- Instructions for the task -
Transcribe exactly, and only, the lines from the one containing "Lcd With Touch" through the last line of the data.

[Short text fragments from websites]
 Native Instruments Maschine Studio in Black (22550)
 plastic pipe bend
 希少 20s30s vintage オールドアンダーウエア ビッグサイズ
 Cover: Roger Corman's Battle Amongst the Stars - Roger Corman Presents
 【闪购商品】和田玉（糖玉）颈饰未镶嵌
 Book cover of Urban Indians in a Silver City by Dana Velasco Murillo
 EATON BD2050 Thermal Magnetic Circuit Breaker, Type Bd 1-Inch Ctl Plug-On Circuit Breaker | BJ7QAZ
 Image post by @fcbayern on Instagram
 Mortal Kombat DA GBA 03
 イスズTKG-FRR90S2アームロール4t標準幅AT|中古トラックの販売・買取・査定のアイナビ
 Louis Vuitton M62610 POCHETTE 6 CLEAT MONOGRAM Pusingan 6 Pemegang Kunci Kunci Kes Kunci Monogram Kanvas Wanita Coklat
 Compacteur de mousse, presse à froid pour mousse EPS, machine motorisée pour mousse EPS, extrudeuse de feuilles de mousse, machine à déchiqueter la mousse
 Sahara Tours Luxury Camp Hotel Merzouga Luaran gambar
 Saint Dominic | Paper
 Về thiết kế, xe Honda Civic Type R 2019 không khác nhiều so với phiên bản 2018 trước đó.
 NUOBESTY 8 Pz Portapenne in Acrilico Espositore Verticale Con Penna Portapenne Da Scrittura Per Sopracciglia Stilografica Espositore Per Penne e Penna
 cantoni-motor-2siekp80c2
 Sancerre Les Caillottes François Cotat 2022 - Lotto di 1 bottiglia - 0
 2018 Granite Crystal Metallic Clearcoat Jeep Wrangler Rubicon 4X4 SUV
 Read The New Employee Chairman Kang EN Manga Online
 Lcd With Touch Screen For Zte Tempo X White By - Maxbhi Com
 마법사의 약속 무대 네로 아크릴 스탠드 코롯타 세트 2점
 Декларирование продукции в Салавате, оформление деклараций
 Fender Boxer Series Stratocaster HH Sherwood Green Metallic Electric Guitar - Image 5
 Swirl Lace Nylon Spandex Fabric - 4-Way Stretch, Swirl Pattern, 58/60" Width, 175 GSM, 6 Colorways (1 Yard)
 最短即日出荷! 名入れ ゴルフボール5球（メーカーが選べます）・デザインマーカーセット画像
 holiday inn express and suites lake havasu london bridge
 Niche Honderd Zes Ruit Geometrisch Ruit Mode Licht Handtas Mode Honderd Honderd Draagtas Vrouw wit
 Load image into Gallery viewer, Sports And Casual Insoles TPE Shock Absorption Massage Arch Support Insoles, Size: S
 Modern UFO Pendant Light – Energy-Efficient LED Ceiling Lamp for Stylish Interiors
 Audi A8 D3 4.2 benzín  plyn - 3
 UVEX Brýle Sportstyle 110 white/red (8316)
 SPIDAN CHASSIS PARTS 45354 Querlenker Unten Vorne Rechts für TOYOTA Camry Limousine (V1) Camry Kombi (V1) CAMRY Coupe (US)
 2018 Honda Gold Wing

- Exercise response -
 Lcd With Touch Screen For Zte Tempo X White By - Maxbhi Com
 마법사의 약속 무대 네로 아크릴 스탠드 코롯타 세트 2점
 Декларирование продукции в Салавате, оформление деклараций
 Fender Boxer Series Stratocaster HH Sherwood Green Metallic Electric Guitar - Image 5
 Swirl Lace Nylon Spandex Fabric - 4-Way Stretch, Swirl Pattern, 58/60" Width, 175 GSM, 6 Colorways (1 Yard)
 最短即日出荷! 名入れ ゴルフボール5球（メーカーが選べます）・デザインマーカーセット画像
 holiday inn express and suites lake havasu london bridge
 Niche Honderd Zes Ruit Geometrisch Ruit Mode Licht Handtas Mode Honderd Honderd Draagtas Vrouw wit
 Load image into Gallery viewer, Sports And Casual Insoles TPE Shock Absorption Massage Arch Support Insoles, Size: S
 Modern UFO Pendant Light – Energy-Efficient LED Ceiling Lamp for Stylish Interiors
 Audi A8 D3 4.2 benzín  plyn - 3
 UVEX Brýle Sportstyle 110 white/red (8316)
 SPIDAN CHASSIS PARTS 45354 Querlenker Unten Vorne Rechts für TOYOTA Camry Limousine (V1) Camry Kombi (V1) CAMRY Coupe (US)
 2018 Honda Gold Wing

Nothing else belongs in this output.